Chris and I recently married in our early 50’s. We have decided to keep separate bank accounts. We are both debt-free. We have adult children from previous marriages and have protected our assets with a prenuptial agreement. Our separate wills leave most of our assets to our own children. 
Since graduating from high school, Chris has been mostly self-employed and owns a house shared with me. Chris saved nothing for retirement before we married. Chris has a net worth of about $150K which is primarily the value of the house. If Chris dies, I will receive only a minimal amount of spousal benefits from Social Security. Chris’ children will split the house.
I have a job with excellent benefits including health care for Chris and me. My net worth is about $400K which is primarily the value of my retirement funds. I hope to save enough to afford a winter retirement home for us in a more favorable climate. If I die, Chris will receive spousal benefits from Social Security, spousal benefits from my pension, a life insurance payment of about $60K, plus $20K that I bequeathed in my will. My children will split the remainder of my assets.
Chris pays about one fourth of the household expenses and I pay the other three fourths including the real estate taxes on Chris’ house. In addition, I also pay for all entertainment outside the house including vacations, meals, concerts, etc.
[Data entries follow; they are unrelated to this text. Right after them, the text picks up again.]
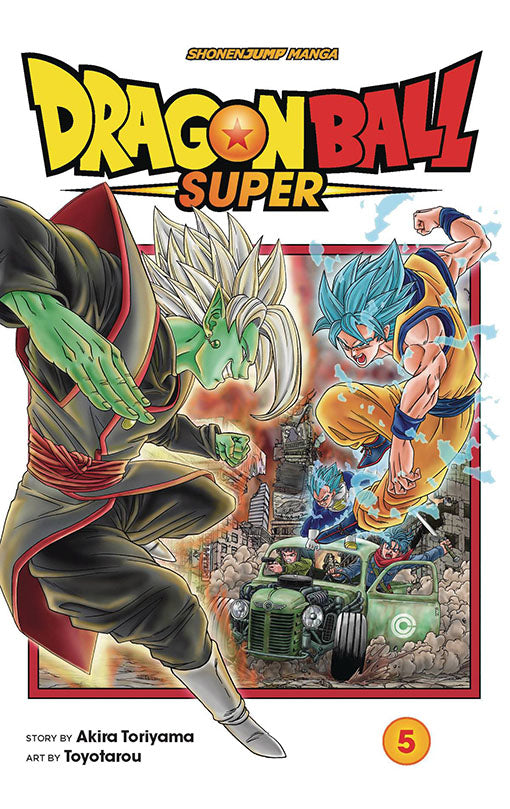 Dragon Ball Super vol 05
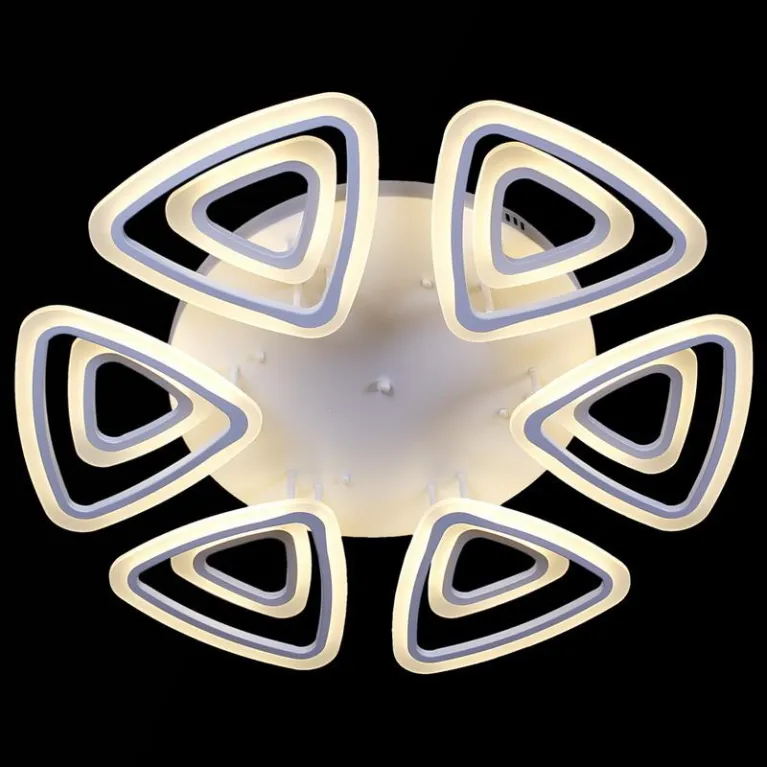 Потолочная светодиодная люстра Reluce 08856-0.3-6+6LED в Нижнем Новгороде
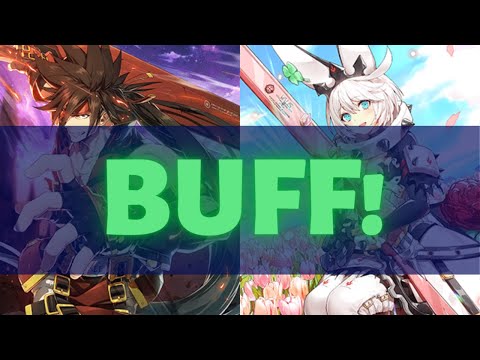 Preview buff của Sol và Elphelt - Khỏi lo yếu nữa :)))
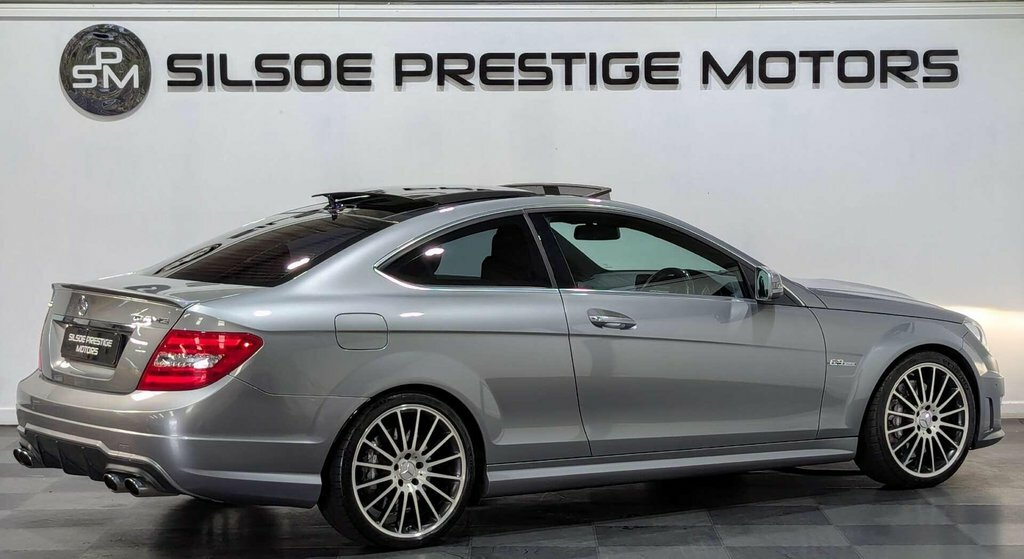 Mercedes-Benz C Class 1.6L Amg Sport Edition White #13
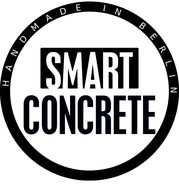 Smart Concrete Logo - Handmade in Berlin
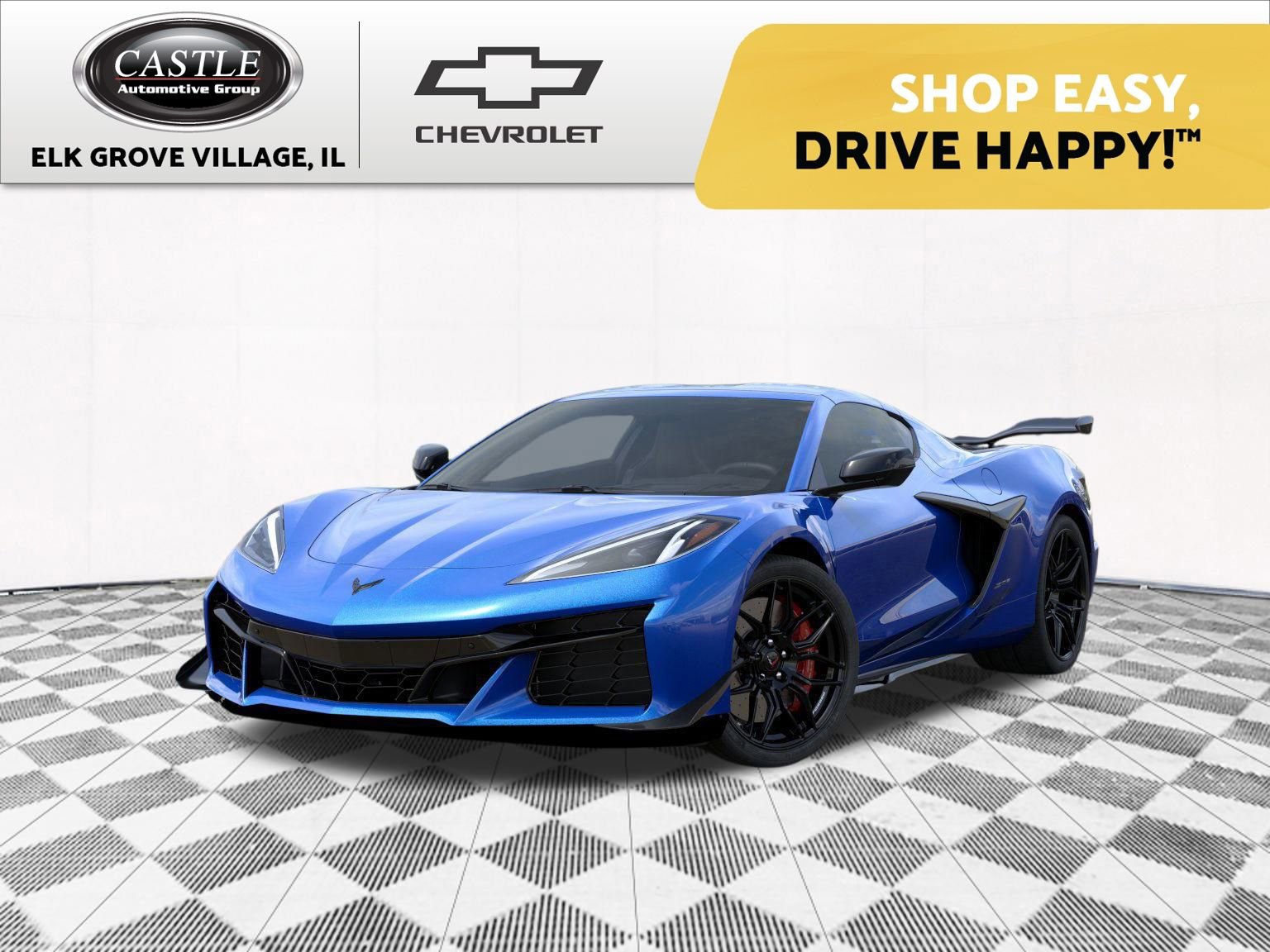 New 2026 Chevrolet Corvette Z06 w/ Z07 Performance Package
Chris and I both think this financial arrangement is not equitable and strongly favors the other. Specifically, Chris thinks I should contribute more to expenses or a joint savings account since I pay no rent to live in the house. Plus, Chris has an irrational fear that I could leave without sharing my retirement funds. I think Chris is lucky that I spent most of my adult life saving for retirement and am willing to share it. If I did leave before retirement, Chris will still be much better off financially than before we wed. We would like your opinions.


----------



## TheTruthHurts (Oct 1, 2015)

transplant said:


> Chris and I recently married in our early 50?s. We have decided to keep separate bank accounts. We are both debt-free. We have adult children from previous marriages and have protected our assets with a prenuptial agreement. Our separate wills leave most of our assets to our own children.
> Since graduating from high school, Chris has been mostly self-employed and owns a house shared with me. Chris saved nothing for retirement before we married. Chris has a net worth of about $150K which is primarily the value of the house. If Chris dies, I will receive only a minimal amount of spousal benefits from Social Security. Chris? children will split the house.
> I have a job with excellent benefits including health care for Chris and me. My net worth is about $400K which is primarily the value of my retirement funds. I hope to save enough to afford a winter retirement home for us in a more favorable climate. If I die, Chris will receive spousal benefits from Social Security, spousal benefits from my pension, a life insurance payment of about $60K, plus $20K that I bequeathed in my will. My children will split the remainder of my assets.
> Chris pays about one fourth of the household expenses and I pay the other three fourths including the real estate taxes on Chris? house. In addition, I also pay for all entertainment outside the house including vacations, meals, concerts, etc.
> ...


This sounds like a story problem from school. Is Chris make or female?


----------



## TheTruthHurts (Oct 1, 2015)

I'm not one to ask. Met W at age 19 and am in my 50's and we have pooled all assets the whole time. We only have "our" things. I've earned more than W the entire time but we share financial values and live pretty simply and have accumulated wealth. Our house is big but full of kids. My new car is a 2001 but we have almost 7 figures saved plus the house (but have 5 kids to put through college)

It doesn't really matter though - it's not about the number - it's about shared values.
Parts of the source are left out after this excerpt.